Work item: Give back, unchanged, the lines from the one containing "Vintage Coach Denim" to the end of the listing, inclusive of both.

Extracted material:

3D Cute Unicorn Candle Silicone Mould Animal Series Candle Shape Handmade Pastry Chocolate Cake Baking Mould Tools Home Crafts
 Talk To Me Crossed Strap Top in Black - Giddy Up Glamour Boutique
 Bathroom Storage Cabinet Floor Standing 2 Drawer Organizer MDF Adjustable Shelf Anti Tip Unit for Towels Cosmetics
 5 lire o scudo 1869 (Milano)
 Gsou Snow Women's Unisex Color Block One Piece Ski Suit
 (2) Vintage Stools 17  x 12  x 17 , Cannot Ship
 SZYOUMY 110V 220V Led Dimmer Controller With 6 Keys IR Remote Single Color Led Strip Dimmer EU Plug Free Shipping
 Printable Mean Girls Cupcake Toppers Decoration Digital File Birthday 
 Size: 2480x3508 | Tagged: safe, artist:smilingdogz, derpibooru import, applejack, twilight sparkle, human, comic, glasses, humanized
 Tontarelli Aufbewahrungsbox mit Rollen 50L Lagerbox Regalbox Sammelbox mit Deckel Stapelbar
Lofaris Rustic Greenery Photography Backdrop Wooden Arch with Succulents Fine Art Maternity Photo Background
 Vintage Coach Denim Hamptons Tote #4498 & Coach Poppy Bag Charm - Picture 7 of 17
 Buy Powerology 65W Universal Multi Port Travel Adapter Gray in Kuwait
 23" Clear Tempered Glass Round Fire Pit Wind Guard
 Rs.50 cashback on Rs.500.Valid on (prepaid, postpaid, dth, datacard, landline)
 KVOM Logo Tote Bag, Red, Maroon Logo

Solution:
 Vintage Coach Denim Hamptons Tote #4498 & Coach Poppy Bag Charm - Picture 7 of 17
 Buy Powerology 65W Universal Multi Port Travel Adapter Gray in Kuwait
 23" Clear Tempered Glass Round Fire Pit Wind Guard
 Rs.50 cashback on Rs.500.Valid on (prepaid, postpaid, dth, datacard, landline)
 KVOM Logo Tote Bag, Red, Maroon Logo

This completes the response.